Corresponding java code with SubstringFinder:
String text = "5 + (4 + (1 + 2) / 3 - 5) * 10 / (3 + 2)";
SubstringFinder finder = SubstringFinder.define("(", ")");
Optional<Range> findRange = finder.nextRange(text);
if (findRange.isPresent()) {
Range range = findRange.get();
String substring = text.substring(range.getRangeStart(), range.getRangeEnd());
assertEquals("(4 + (1 + 2) / 3 - 5)", substring);
}
Where SubstringFinder corresponds to this imported class: fr.jmini.utils.substringfinder.SubstringFinder.
Second example
Find the correct range defined { by } corresponding to the main method:
public static void main(String[] args) {
if(args != null) {
for (String s : args) {
printArg(s);
}
}
}
public static void printArg(String arg) {
System.out.println("Arg: " + arg);
}
Exclude an other range
Consider this example:
package tmp;
@SomeAnnotation(arg1="value ;-)", arg2="other value")
public class SomeClass {
}
If you would like to find the content of the @SomeAnnotation value, you can define your range like this:
-
start:
@SomeAnnotation( -
end
)
But in this case you also need to exclude the content between the quotes (" .. "), in order to not match the end of the range with the :-) in the String.
String text = ""
+ "package tmp;\n"
+ " \n"
+ "@SomeAnnotation(arg1=\"value ;-)\", arg2=\"other value\")\n"
+ "public class SomeClass {\n"
+ "}\n";
SubstringFinder finder = SubstringFinder.define("@SomeAnnotation(", ")", "\"", "\"");
Optional<Range> findRange = finder.nextRange(text);
if (findRange.isPresent()) {
Range range = findRange.get();
String substring = text.substring(range.getRangeStart(), range.getRangeEnd());
assertEquals("@SomeAnnotation(arg1=\"value ;-)\", arg2=\"other value\")", substring);
}
String positions outside a range
First example
In following text, you want to find the comma , outside ranges defined by single quote ':
'Hello,world',5,true
The two correct matches are:
-
Between
'and5 -
Between
5andt
The first comma should be ignored because it is between ' and '.
Corresponding java code with PositionFinder:
String text = "'Hello,world',5,true";
PositionFinder finder = PositionFinder.define(",", "'", "'");
List<Integer> findPositions = finder.indexesOf(text);
assertEquals(2, findPositions.size(), "size");
assertEquals("'Hello,world'", text.substring(0, findPositions.get(0)));
assertEquals("5", text.substring(findPositions.get(0) + 1, findPositions.get(1)));
assertEquals("true", text.substring(findPositions.get(1) + 1));
Where PositionFinder corresponds to this imported class: fr.jmini.utils.substringfinder.PositionFinder.

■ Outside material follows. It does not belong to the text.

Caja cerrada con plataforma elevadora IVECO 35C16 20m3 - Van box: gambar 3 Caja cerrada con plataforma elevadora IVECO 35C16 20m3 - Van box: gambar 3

First position outside a range
Similar to the previous example, if you are only interested by the first position of the , outside ( and ):
lorem(Hello,world),ipsum
Corresponding java code with PositionFinder:
String text = "lorem(Hello,world),ipsum";
PositionFinder finder = PositionFinder.define(",", "(", ")");
Optional<Integer> findPosition = finder.indexOf(text);
assertEquals(true, findPosition.isPresent(), "isPresent");
assertEquals("lorem(Hello,world)", text.substring(0, findPosition.get()));
assertEquals("ipsum", text.substring(findPosition.get() + 1));
Where PositionFinder corresponds to this imported class: fr.jmini.utils.substringfinder.PositionFinder.
Download
Starting with version 1.0.1, the library is hosted on maven central.
<dependency>
<groupId>fr.jmini.utils</groupId>
<artifactId>substring-finder</artifactId>
<version>1.1.1</version>
</dependency>
Build
This project is using gradle.
Command to build the sources locally:
./gradlew build
Command to deploy to your local maven repository:
./gradlew publishToMavenLocal
Command to build the documentation page:
./gradlew asciidoctor
The output of this command is an HTML page located at <git repo root>/build/docs/html5/index.html.
For project maintainers
signing.gnupg.keyName and signing.gnupg.passphrase are expected to be set in your local gradle.properties file to be able to sign.
sonatypeUser and sonatypePassword are expected to be set in order to be able to publish to a distant repository.
Command to build and publish the result to maven central:
./gradlew publishToSonatype
Command to upload the documentation page on GitHub pages:
./gradlew gitPublishPush
Command to perform a release:
./gradlew release -Prelease.useAutomaticVersion=true
Using ssh-agent
Some tasks requires to push into the distant git repository (release task or updating the gh-pages branch).
If they are failing with errors like this:
org.eclipse.jgit.api.errors.TransportException: ... Permission denied (publickey).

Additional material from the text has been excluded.